Mississippi raised but now Houston based Keeshea Pratt is a very accomplished singer and performer. How accomplished? The Keeshea Pratt Band took the top honors in the band category at 2018’s IBC in Memphis. That’s never an easy goal to reach, but their blend of showmanship with outstanding musicianship led them to the top.
As an encore to their work in Memphis, the group has released a follow up album tiled Believe. It’s a magical word that not only gives one hope, it gives assurance, as if you have the ability to believe, you can accomplish anything.
Pratt is backed by musicians Shawn Allen, Tommy Folen, Colin Hogan, Nick Fishman, Kid Andersen, Brian Sowell, Bob Welsh, The Mighty Orq, Joshua Cook, Charlie Gurke, Dan Carpenter, Ken Moran, James Williams III, Henry Hung, Misaki Nishidale, and Little Terry Rogers. Backing vocals are provided by Brian “BJ” Hubbard Sr., Lari Johnson, Jaylee Dembee, and Maya Kyles.
The album starts out with some sweet soul on Make It Good. Pratt establishes that she’s got quite a vocal range. Here, she’s quiet and loving and the horn section boosts the sound nicely.
They follow up with full, swinging Have A Good Time Y’all. It’s a fun song with some vocal power in Pratt’s voice. This is a great song to open a show, it sets the tone for a great time to follow. The call and response is a blast and it immediately put me in a good mood. Let’s get the show rolling!
Pratt and the band mellows out with the next song, In The Mood. It’s a beautiful soulful number that will be on my late night playlist. So sweet, so calming, a perfect song to unwind after a long day. The last couple of songs will definitely be making appearances on Time For The Blues.
They go from mellow to low and slow on It’s Too Late. Music wise that is; Pratt’s voice is as sharp as a diamond edged knife and she cuts through the quiet music to let you know that she’s not putting up with your shenanigans anymore. Great blues tune, and boys, listen up – this is not a woman to disrespect. Nice piano break as well.
They pick up the tempo with the New Orleans flavored Shake Off These Blues. There’s some great trumpet blowing the opening of the song and it put me in a big old Mardi Gras mood. Pratt is a great entertainer who fully understands that she’s putting her entire soul into each and every song. So much fun!
The album reaches the half way point with the old school delta style Home To Mississippi. Pratt grew up in Mississippi and her affection for her home is deep. So many great blues artists came from the state and spread the music all over the world. Pratt is one that could continue that tradition.
She’s back to swinging with Easily Replaced, a breezy number that is almost guaranteed to get an audience up on its feet. Love the horn section, it really makes her sound, and her guitar ain’t so shabby either…

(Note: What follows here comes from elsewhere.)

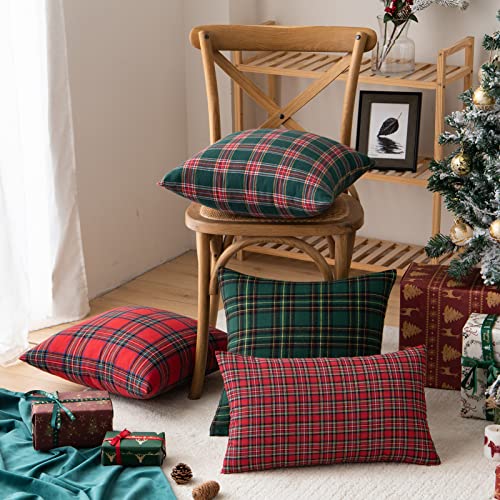 Pack of 2 Christmas Plaid Throw Pillow Covers Green 20x20 Inches U98072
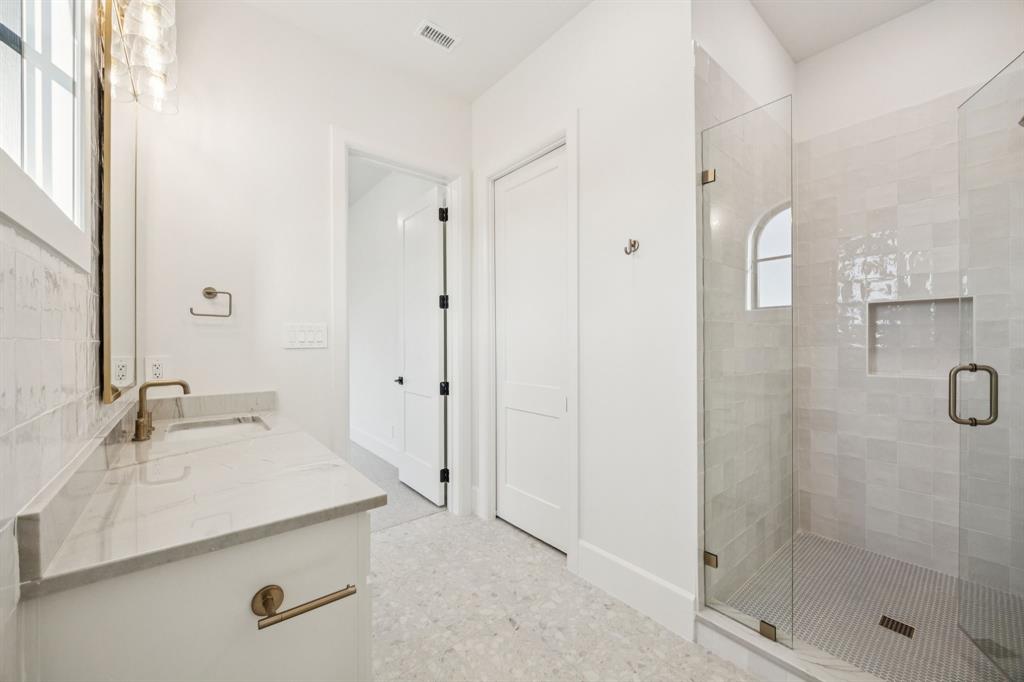 Montrachet - Residential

Monkey See, Monkey Do starts off with a smoking introduction with guitars and horns vamping. Pratt’s voice has recovered its diamond edge and the song has a dark menacing nature to it. I would tread lightly around this version of Pratt. She acts her songs better than many performers can sing theirs. She truly is an extraordinary talent.
Next up is the title track, Believe. It opens with some lonesome guitar that gives way to festive horns. Pratt opens up her soul on the song talking about what she’s gone through on her journey. It’s ultimately a very uplifting number that doesn’t hold back on its punches.
She pulls out the funk for Out Of My Mind. It so reminds me of some of the great funk that came out of Stax in the early ‘70’s and went coast to coast. She’s definitely got her edge on this one and it might not be appreciated by the blues purists, but Pratt pushes envelopes, and this is a solid audience pleaser.
Pratt and the band channel Motown for Can’t Stop Now. It’s got that sweet all female group sensibility, or so it seems. Fairly quickly she mixes in some anthem rock and switches back. It’s a tricky performance but she carries it off well. After 11 songs, I’m not sure there’s a genre of music she couldn’t conquer.
The album closes with an extended live version of So Bad Blues. Heavy on the bass and organ at the opening, there’s a nice clip of Pratt relating to her audience. She packs a lot of power into her voice and is reminiscent of the way Etta James would approach her audiences. She’s so damn good…
I really wish I had been in Memphis to catch the Keeshea Pratt Band when they were performing at the Blues Challenge. What a show they must have put on! Fortunately, Believe is a great album and it gives us an idea of just how much better they can become.